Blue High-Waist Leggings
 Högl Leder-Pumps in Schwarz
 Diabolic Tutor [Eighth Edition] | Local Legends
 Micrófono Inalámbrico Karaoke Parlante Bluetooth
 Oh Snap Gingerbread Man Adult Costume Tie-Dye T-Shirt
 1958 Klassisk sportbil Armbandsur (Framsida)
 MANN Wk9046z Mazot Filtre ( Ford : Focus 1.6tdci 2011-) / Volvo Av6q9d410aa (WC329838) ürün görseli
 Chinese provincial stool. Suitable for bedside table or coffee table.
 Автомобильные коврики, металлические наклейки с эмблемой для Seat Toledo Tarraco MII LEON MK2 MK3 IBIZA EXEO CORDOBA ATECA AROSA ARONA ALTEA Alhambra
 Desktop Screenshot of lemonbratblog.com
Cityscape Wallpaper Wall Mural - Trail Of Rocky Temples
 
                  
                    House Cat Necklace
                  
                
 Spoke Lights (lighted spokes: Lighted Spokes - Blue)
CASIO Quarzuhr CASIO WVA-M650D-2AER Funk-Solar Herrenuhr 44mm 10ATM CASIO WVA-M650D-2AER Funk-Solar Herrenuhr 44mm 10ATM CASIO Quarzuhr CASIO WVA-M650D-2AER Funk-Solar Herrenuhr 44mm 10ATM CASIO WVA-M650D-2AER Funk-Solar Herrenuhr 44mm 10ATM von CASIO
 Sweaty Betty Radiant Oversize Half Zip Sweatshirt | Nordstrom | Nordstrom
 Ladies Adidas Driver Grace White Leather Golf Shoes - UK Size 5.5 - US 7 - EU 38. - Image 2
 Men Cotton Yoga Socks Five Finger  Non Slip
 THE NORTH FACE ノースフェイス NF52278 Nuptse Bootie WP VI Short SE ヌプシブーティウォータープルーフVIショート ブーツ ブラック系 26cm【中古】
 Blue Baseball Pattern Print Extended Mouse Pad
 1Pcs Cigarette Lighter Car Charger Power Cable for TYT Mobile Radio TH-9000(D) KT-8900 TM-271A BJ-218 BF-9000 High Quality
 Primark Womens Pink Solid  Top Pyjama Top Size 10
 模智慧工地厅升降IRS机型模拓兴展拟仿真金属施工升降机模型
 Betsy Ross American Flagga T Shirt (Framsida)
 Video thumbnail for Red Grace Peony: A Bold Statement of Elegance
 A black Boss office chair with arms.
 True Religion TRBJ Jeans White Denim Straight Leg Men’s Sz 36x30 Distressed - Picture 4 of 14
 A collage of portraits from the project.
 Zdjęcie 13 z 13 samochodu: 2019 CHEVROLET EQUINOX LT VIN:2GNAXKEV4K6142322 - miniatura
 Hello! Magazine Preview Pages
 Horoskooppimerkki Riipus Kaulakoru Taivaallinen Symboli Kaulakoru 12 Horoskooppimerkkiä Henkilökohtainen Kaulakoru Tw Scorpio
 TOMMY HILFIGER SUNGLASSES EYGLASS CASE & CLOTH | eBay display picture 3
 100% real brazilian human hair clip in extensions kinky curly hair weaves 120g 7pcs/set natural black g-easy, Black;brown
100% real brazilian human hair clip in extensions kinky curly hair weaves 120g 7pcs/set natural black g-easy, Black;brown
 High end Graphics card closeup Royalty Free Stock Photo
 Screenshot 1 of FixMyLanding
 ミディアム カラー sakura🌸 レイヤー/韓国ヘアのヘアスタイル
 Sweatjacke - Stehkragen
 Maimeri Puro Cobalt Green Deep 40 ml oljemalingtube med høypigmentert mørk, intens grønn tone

Work to complete:
Everything from the line with "True Religion TRBJ" through the last line of the data above, please return word for word, and no other line.

Answer to the exercise:
 True Religion TRBJ Jeans White Denim Straight Leg Men’s Sz 36x30 Distressed - Picture 4 of 14
 A collage of portraits from the project.
 Zdjęcie 13 z 13 samochodu: 2019 CHEVROLET EQUINOX LT VIN:2GNAXKEV4K6142322 - miniatura
 Hello! Magazine Preview Pages
 Horoskooppimerkki Riipus Kaulakoru Taivaallinen Symboli Kaulakoru 12 Horoskooppimerkkiä Henkilökohtainen Kaulakoru Tw Scorpio
 TOMMY HILFIGER SUNGLASSES EYGLASS CASE & CLOTH | eBay display picture 3
 100% real brazilian human hair clip in extensions kinky curly hair weaves 120g 7pcs/set natural black g-easy, Black;brown
100% real brazilian human hair clip in extensions kinky curly hair weaves 120g 7pcs/set natural black g-easy, Black;brown
 High end Graphics card closeup Royalty Free Stock Photo
 Screenshot 1 of FixMyLanding
 ミディアム カラー sakura🌸 レイヤー/韓国ヘアのヘアスタイル
 Sweatjacke - Stehkragen
 Maimeri Puro Cobalt Green Deep 40 ml oljemalingtube med høypigmentert mørk, intens grønn tone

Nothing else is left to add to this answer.